Factory farms allow us to be removed from taking personal responsibility for raising our own food. There is no one to be held accountable for raising garbage food or treating animals inhumanely because the system has taken on a life of its own. By far, the vast majority of food at your local supermarket comes from these polluting, inhumane farm conglomerations. So if you want to stop supporting them, you first need to find a new place to shop.
Become Part of a Growing Movement
Fortunately, it’s relatively easy to find a humane and reliable source for your food — sources that are growing food with the health of the environment and the animals as the driving forces. At LocalHarvest.org, for instance, you can enter your zip code and find farmers’ markets, family farms, and other sources of sustainably grown food in your area, all with the click of a button. For an excellent list of sustainable agricultural groups in your area, please also see Promoting Sustainable Agriculture — this page is filled with resources for high-quality produce and meats in your area.
The more we all make it a point to only buy food from a source we know and trust, the faster factory farming will become a shameful practice of the past. Farmers and lovers of real food show us that change IS possible. But your involvement is required. Here are a few suggestions for how you can take affirmative action:
- Buy local products whenever possible. Otherwise, buy organic and fair-trade products.
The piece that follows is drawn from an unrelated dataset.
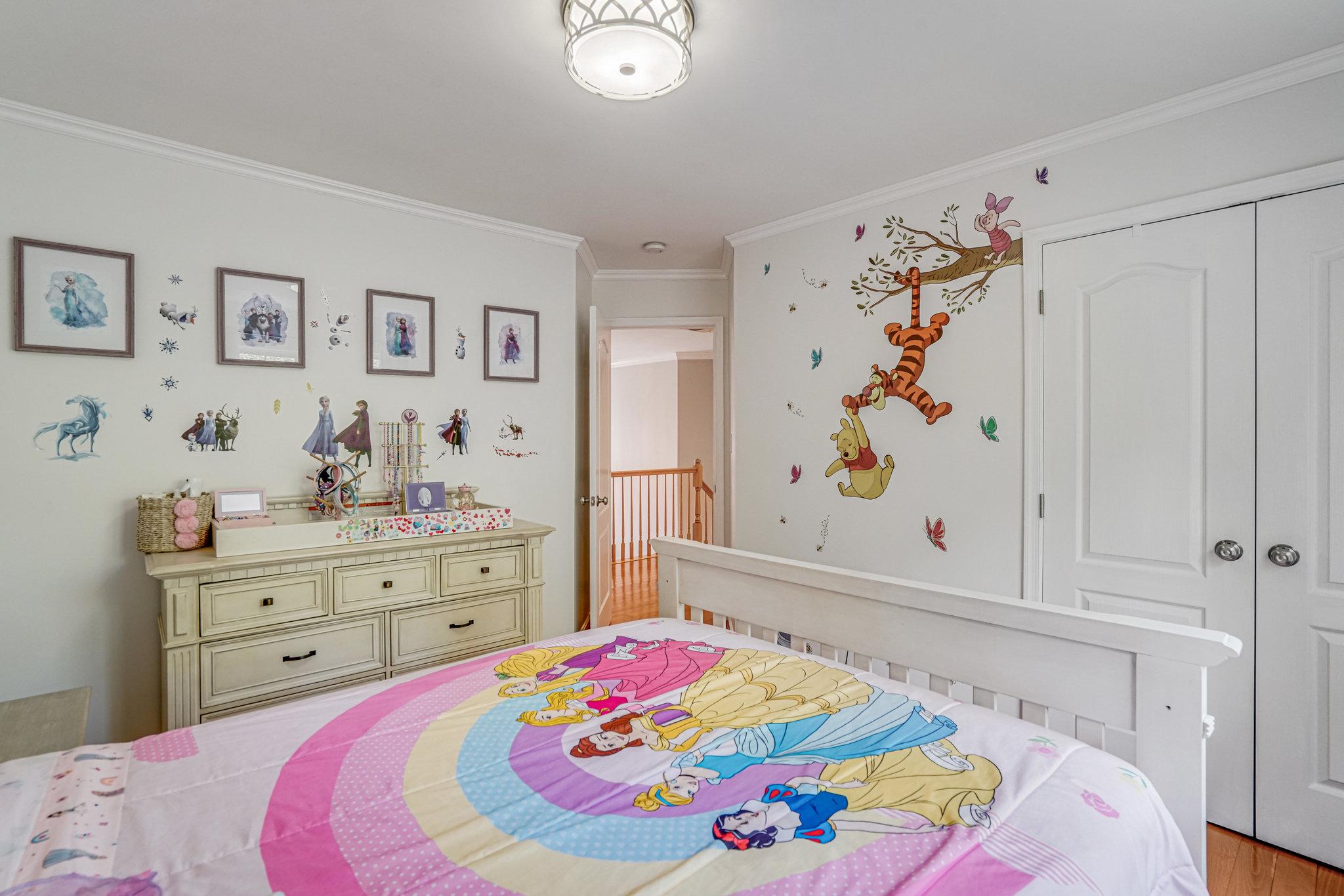 EDGE HILL - Residential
- Shop at your local farmers market, join a CSA (Community Supported Agriculture), or buy from local grocers and co-ops committed to selling local foods.
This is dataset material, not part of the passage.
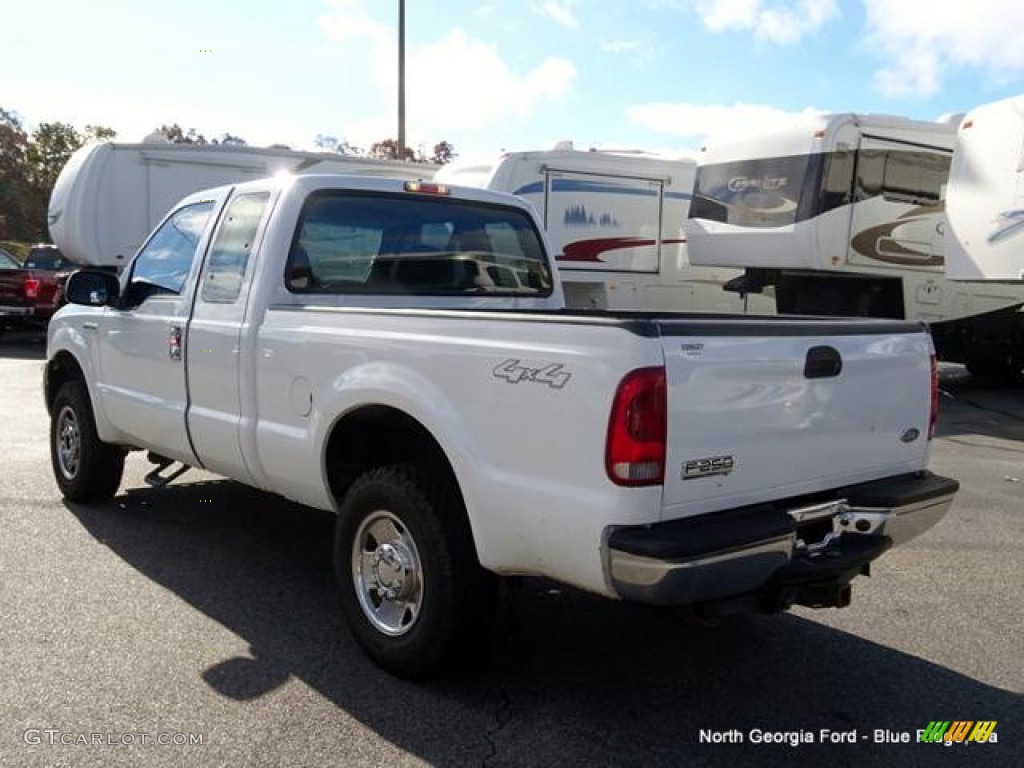 2007 F250 Super Duty XL SuperCab 4x4 - Oxford White Clearcoat / Dark Flint cloth photo #3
- Support restaurants and food vendors that buy locally produced food.
- Avoid genetically engineered (GMO) foods. Buying certified organic ensures your food is non-GM.
- Cook, can, ferment, dry, and freeze. Return to the basics of cooking, and pass these skills on to your children.
- Grow your own garden, or volunteer at a community garden. Teach your children how to garden and where their food comes from.
- Volunteer and/or financially support an organization committed to promoting a sustainable food system.
- Get involved in your community. Influence what your child eats by engaging the school board. Effect city policies by learning about zoning and attending city council meetings. Learn about the federal policies that affect your food choice, and let your congressperson know what you think.